WHAT YOU SHOULD DO —
Quote every line below exactly and skip any picture.

SUPPLIED INFORMATION —
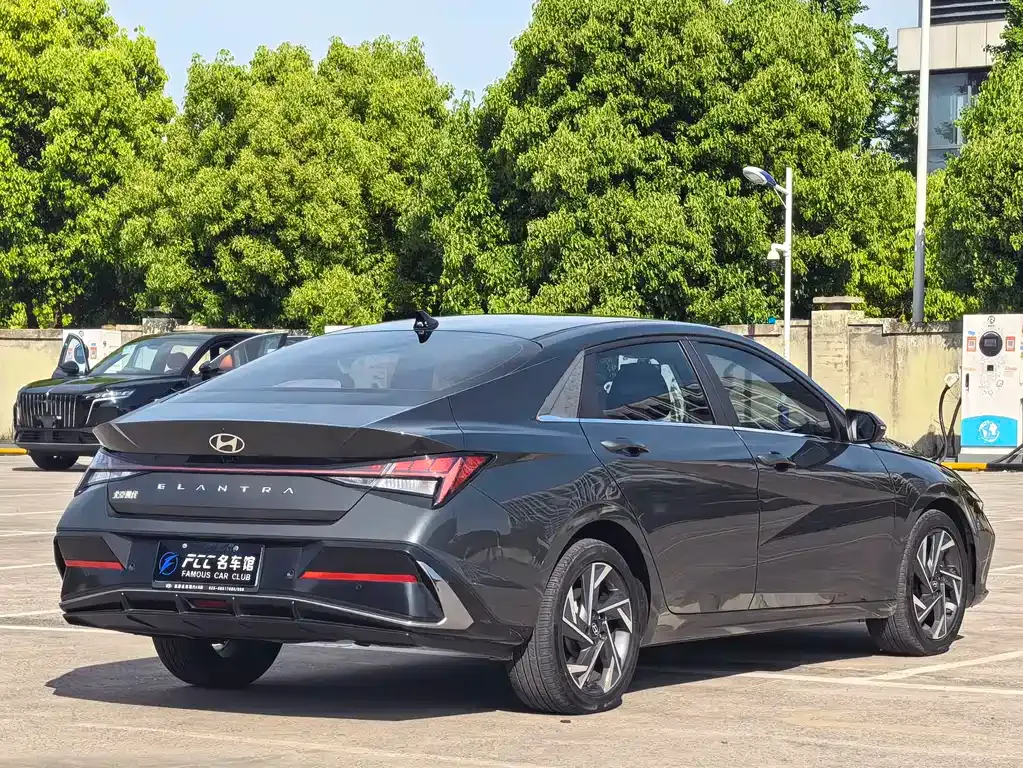 Hyundai Elantra — фото 8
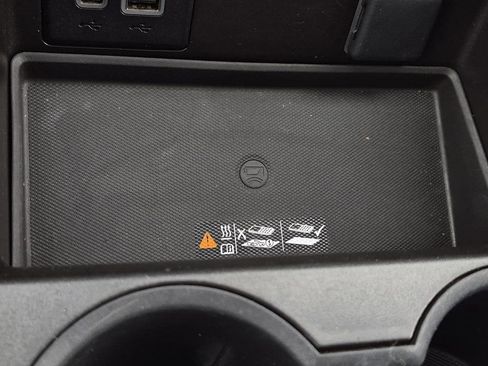 Used 2023 GMC Yukon Denali image 38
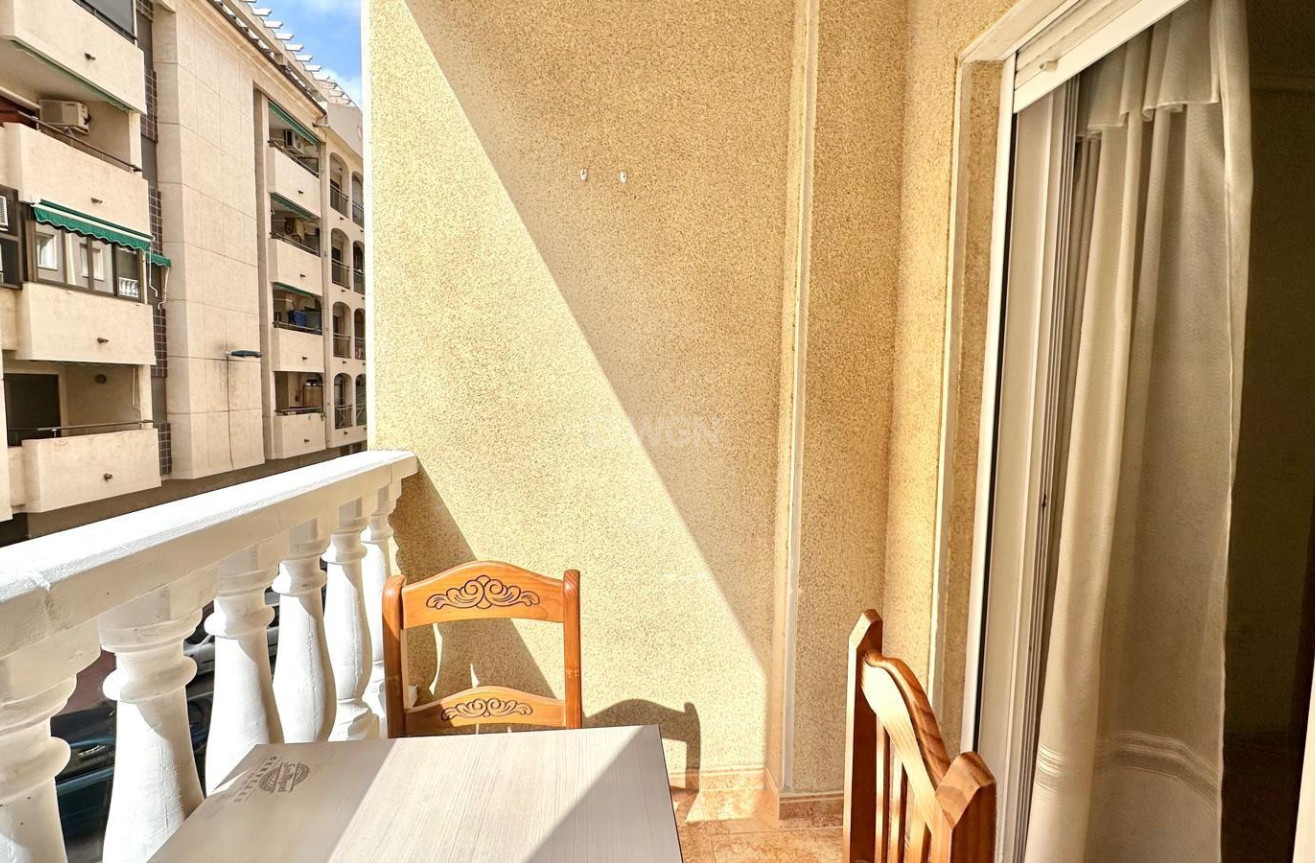 Odsprzedaż - Mieszkanie w bloku - Torrevieja - Centro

FINISHED TASK —
 Hyundai Elantra — фото 8
 Used 2023 GMC Yukon Denali image 38
 Odsprzedaż - Mieszkanie w bloku - Torrevieja - Centro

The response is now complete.